How the Sierra Club’s History With Immigrant Rights Is Shaping Our Future

When I first came to work for the Sierra Club, I knew the organization had a complicated history around immigrant rights. But I also knew that I was joining a different Sierra Club, one that had rejected anti-immigrant bigotry and was charting a its own path. In my role as Director of Strategic Partners, working directly with our partners on immigrant rights and sanctuary, and facilitating funding for that work, I have come to believe that the Sierra Club’s history around immigrant rights created a special responsibility for us to engage our staff and members on how these issues relate to our work and to show up for our partners on this issue.

In 1998 the Sierra Club was at a crossroads. For decades, a group of people within the organization had pushed to use the Sierra Club’s influence to promote policies to block immigration and undermine immigrant rights.
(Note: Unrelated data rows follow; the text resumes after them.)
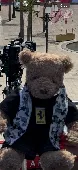 Lost my teddy bear on the train leaving Monaco to Menton at 11:01 AM on Saturday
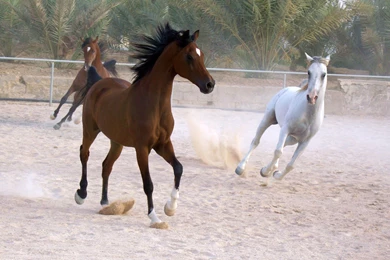 Thoroughbred Horse Wallpapers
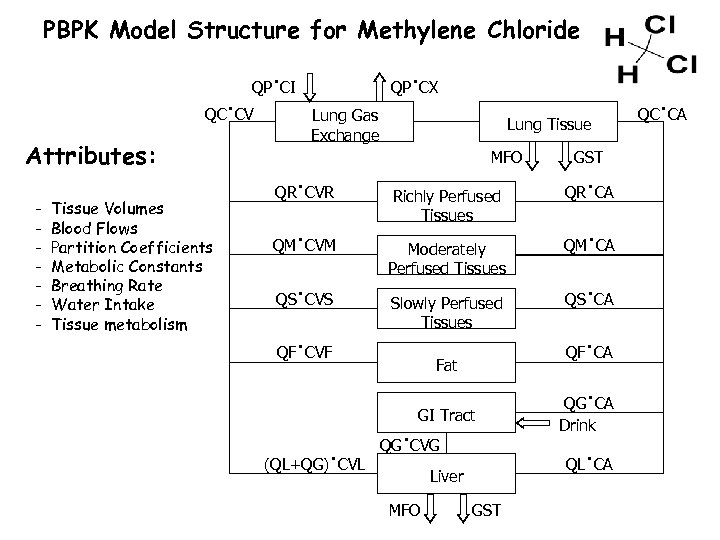 PBPK Model Structure for Methylene Chloride QP·CI QC·CV Attributes: - Tissue Volumes Blood Flows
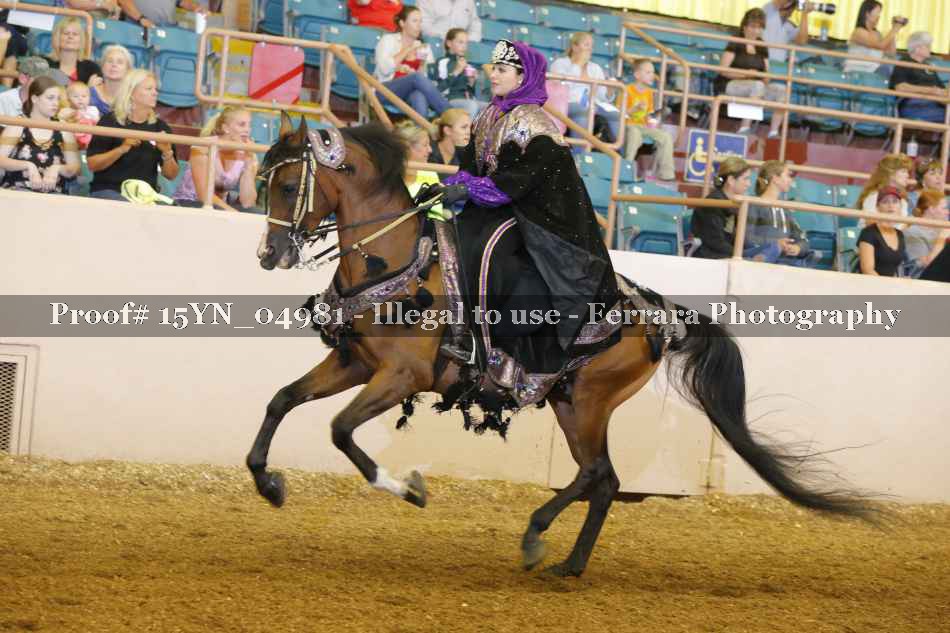 Proof 15YN_04981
In 1998, some of those people, including Jon Tanton, called “the racist architect of the modern anti-immigrant movement,” by the Southern Poverty Law Center, brought forward a proposal for the Sierra Club to become an actively anti-immigrant organization with a public stance opposing immigration.The proposal was defeated in a vote by the Sierra Club’s members, but only barely. The fact that this internal movement found support within a portion of the Sierra Club’s membership was a reflection of our exclusionary history and one marker of the environmental movement’s problematic overlap with ideologies and activist members of population control, eugenics, and conservative movements. Just one example of our exclusionary history is the fact that in the 1950s, the Angeles Chapter of the Sierra Club had a policy against allowing African American members.

In 2004, we went through this process again. Anti-immigrant advocates ran to take control of the Sierra Club’s board of directors, and lost.

The Sierra Club was vulnerable to organized bigotry because of our democratic structure. As we struggled internally to reject the agenda of Jon Tanton and his followers, Tanton’s movement grew because of his access to the Sierra Club community. He gained new followers and credibility because of his association with the Sierra Club. Part of the reason that his ideas are still popular is because the Sierra Club was slow to act. And unfortunately, those ideas are still alive and well in the public discourse.

In the years I’ve been a part of the Sierra Club community, we’ve been working to make things right by showing up in solidarity with immigrant communities and organizations advocating for immigrant rights. Sometimes that work is driven by the natural connections between immigrant rights issues and our work to protect the natural and human environment -- for example, our work to highlight the true costs of the border wall, which itself denigrates ecosystems as well as human communities. Or our work to transform corporate trade policies that contribute to forced migration and environmental injustice. We also amplify our partners’ voices on social media and share our access to power and funding.

Over the past year, in partnership with our allies, we’ve co-led a strong fight against border militarization and physical barriers in the Southwest. We’ve mobilized our members and supporters to stand against family separation in a global day of action. We’ve joined rallies and marches along the border and across the country with tens of thousands of people. We’ve supported our partners with resources to increase their capacity, like RAICES which offers legal and administrative assistance to reunite families.

And when bigots invoke concern for the environment as a reason to exclude immigrants from our communities -- we push back. Right now in Oregon an anti-immigrant group with a logo nearly identical to the Sierra Club’s is pushing an environmental message to justify a ballot measure which would revoke Oregon’s decades-old status as a sanctuary state. The Oregon chapter has been deeply involved in opposing this measure.

This history does not define me. What defines me and today’s Sierra Club is how we choose to act given our recognition of that history. I’m proud to be part of an organization that knows the harm we’ve let go by, and works to correct it.